BEGIN

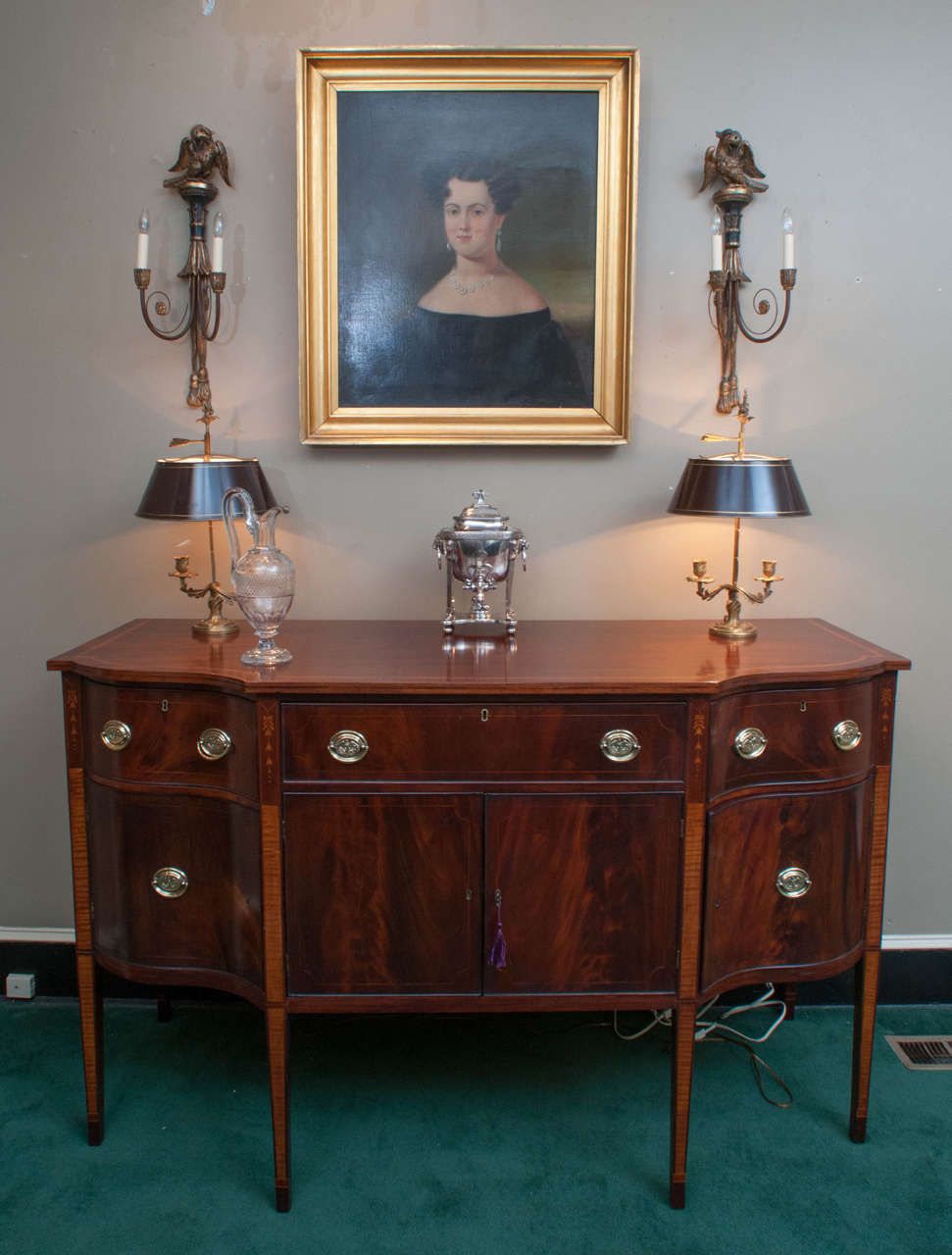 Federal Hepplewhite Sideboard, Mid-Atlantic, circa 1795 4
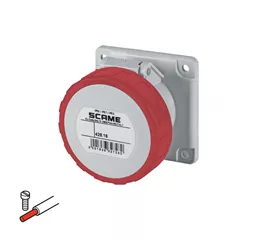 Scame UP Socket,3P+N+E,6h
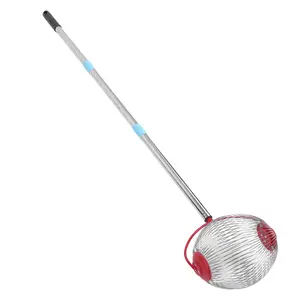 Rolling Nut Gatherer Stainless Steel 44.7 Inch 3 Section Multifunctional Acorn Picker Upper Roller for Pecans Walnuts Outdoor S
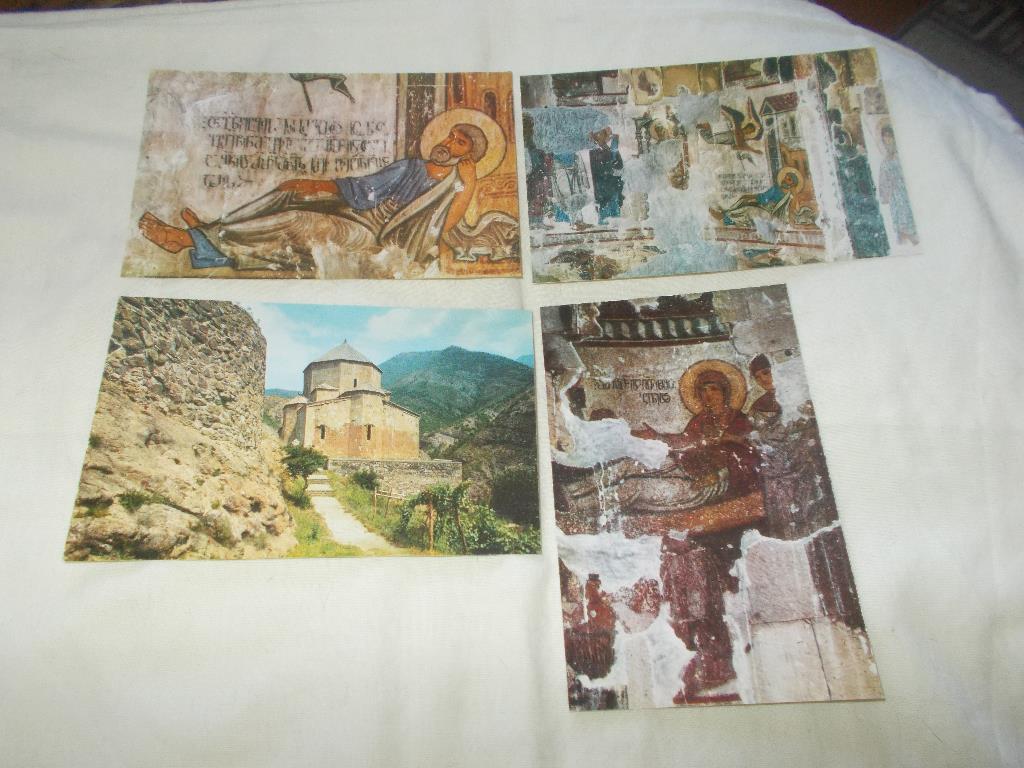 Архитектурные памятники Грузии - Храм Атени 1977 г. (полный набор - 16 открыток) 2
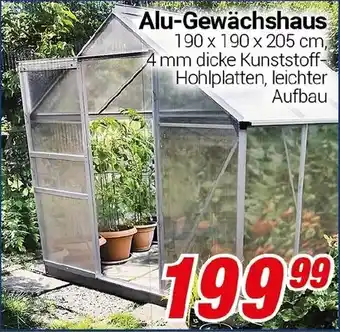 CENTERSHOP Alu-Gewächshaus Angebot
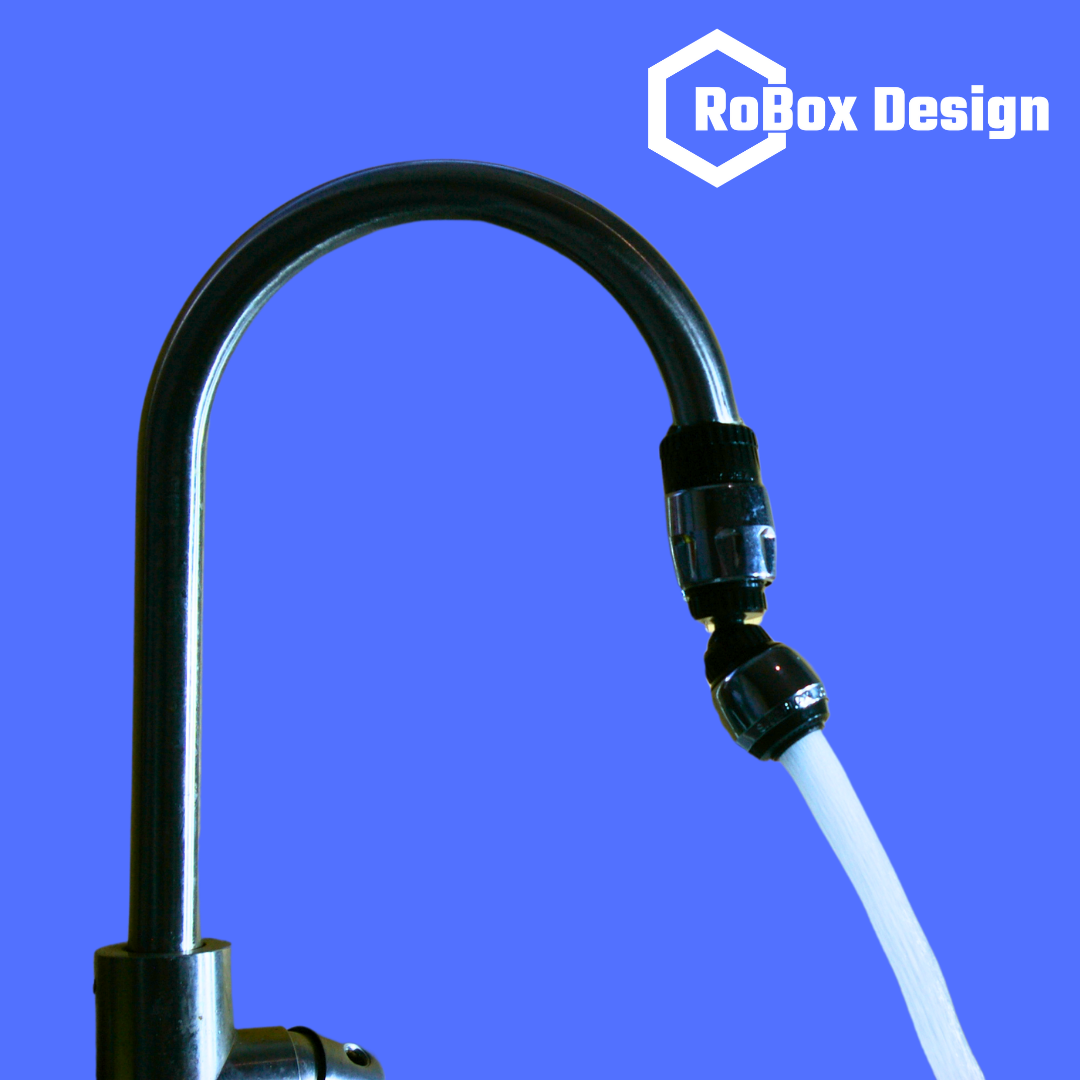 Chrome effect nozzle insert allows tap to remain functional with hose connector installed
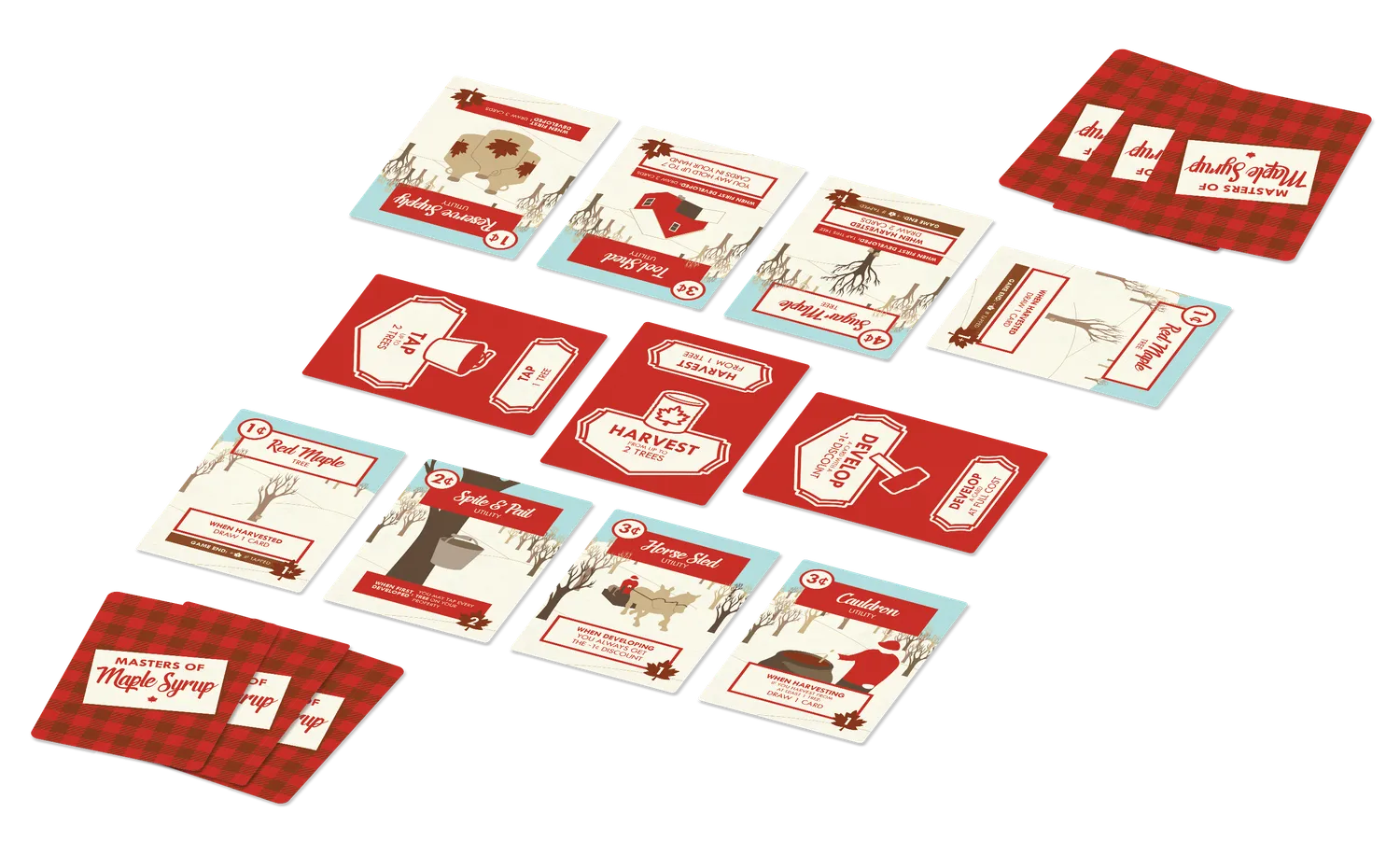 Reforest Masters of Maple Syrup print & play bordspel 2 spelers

END

Reproduce, word for word, the lines from the one containing "Архитектурные памятники Грузии" through the final line above. Leave every picture out.

 Архитектурные памятники Грузии - Храм Атени 1977 г. (полный набор - 16 открыток) 2
 CENTERSHOP Alu-Gewächshaus Angebot
 Chrome effect nozzle insert allows tap to remain functional with hose connector installed
 Reforest Masters of Maple Syrup print & play bordspel 2 spelers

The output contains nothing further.